Promoting Equity, Diversity and Inclusion at UW–Madison
Airing in February on Wisconsin Public Television — Vel Phillips: Dream Big Dreams
On Monday, February 16 at 8 p.m., the story of one remarkable woman and the struggles she undertook to build a better community will debut in a new documentary from Wisconsin Public Television. The documentary will air throughout the month of February (see dates below) as Vel Phillips is formally inducted into a permanent seat in Wisconsin’s Black History.
When Vel Phillips was a young girl her mother always told her, “If you really want it, don’t dream small dreams, dream BIG dreams.”

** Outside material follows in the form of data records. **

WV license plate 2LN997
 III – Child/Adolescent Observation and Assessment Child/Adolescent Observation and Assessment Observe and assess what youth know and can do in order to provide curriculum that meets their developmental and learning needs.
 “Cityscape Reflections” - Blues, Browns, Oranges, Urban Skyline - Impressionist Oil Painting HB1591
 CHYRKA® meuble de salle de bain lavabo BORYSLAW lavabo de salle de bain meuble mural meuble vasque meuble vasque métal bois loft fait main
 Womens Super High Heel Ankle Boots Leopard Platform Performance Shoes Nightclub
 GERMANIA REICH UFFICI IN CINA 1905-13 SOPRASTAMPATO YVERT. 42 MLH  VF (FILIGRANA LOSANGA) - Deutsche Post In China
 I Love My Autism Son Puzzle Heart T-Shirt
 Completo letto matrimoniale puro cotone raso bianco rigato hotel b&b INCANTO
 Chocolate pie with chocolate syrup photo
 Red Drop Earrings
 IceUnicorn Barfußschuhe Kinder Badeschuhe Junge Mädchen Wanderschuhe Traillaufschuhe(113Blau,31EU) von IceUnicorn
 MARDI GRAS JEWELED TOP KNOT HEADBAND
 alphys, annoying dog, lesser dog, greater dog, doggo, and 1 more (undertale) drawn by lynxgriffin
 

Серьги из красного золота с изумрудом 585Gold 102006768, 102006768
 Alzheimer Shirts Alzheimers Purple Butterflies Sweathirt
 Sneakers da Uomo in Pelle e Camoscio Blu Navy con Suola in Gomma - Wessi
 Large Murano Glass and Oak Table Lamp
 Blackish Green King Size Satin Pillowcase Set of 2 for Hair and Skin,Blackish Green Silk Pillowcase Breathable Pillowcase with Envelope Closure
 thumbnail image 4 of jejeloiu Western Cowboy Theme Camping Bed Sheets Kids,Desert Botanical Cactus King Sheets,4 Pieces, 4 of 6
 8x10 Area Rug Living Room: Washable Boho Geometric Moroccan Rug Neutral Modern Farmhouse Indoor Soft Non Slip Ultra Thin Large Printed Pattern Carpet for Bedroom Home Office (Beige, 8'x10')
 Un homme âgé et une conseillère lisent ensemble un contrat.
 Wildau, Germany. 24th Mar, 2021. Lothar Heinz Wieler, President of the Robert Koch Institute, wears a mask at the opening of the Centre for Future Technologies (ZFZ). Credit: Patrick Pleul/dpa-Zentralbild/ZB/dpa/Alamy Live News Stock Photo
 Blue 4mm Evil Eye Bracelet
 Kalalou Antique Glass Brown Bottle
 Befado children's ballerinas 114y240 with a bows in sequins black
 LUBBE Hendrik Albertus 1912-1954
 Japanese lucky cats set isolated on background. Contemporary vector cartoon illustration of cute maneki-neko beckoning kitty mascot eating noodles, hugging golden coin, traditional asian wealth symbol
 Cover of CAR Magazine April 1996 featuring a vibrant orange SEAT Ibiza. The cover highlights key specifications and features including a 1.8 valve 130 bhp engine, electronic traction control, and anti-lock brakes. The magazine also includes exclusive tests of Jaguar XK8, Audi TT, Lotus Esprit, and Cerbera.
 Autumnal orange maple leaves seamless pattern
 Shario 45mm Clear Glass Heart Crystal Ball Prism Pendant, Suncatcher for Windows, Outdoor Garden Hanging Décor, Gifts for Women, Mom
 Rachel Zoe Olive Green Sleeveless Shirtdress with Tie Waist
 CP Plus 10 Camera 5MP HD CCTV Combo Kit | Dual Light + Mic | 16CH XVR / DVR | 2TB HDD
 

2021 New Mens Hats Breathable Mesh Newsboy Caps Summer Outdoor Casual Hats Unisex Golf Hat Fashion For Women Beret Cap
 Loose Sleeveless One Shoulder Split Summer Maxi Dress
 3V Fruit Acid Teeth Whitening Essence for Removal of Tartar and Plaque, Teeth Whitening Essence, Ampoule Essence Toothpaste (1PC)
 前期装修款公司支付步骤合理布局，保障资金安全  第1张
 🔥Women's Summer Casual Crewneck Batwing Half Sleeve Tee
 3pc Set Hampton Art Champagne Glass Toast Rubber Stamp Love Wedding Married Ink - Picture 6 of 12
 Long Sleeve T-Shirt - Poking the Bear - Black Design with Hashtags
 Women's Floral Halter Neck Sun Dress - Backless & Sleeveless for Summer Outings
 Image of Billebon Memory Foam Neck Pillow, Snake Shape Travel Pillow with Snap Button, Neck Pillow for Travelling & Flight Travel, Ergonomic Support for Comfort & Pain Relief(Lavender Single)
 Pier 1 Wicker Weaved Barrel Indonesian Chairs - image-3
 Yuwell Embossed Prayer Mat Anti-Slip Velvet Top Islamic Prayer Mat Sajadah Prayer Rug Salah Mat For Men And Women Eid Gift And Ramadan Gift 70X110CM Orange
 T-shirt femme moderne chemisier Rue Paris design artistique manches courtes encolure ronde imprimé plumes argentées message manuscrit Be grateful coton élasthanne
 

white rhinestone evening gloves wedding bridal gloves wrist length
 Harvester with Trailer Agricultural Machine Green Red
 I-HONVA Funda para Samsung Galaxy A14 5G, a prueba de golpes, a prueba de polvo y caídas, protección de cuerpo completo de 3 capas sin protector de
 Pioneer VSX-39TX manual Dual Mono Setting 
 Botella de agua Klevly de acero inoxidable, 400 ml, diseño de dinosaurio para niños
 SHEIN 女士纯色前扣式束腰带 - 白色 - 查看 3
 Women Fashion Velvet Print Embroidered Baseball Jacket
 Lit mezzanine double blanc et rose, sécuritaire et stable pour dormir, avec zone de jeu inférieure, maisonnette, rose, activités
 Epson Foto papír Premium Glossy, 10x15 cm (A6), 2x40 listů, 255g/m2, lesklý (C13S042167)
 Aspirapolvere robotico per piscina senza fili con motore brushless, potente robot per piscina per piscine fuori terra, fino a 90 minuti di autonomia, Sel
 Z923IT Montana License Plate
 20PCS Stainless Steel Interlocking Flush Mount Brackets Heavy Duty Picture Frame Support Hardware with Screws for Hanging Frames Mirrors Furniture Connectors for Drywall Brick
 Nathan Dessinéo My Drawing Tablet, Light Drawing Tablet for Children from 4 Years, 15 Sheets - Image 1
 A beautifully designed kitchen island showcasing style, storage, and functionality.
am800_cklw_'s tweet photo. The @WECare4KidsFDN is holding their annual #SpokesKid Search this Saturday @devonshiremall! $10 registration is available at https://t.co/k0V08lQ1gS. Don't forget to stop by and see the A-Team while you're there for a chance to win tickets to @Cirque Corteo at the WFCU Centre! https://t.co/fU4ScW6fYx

Discover how Vel Phillips rose to prominence as one of Wisconsin’s great civil rights activists, achieving an impressive list of “firsts” as part of her legacy, including the first African American judge in Wisconsin and the first woman, and African American, in the nation elected to executive office in state government. More than a documentary, Vel Phillips: Dream Big Dreams is a statewide engagement project that will bring the community together for screenings and conversations about equity and civil rights in the 21st century.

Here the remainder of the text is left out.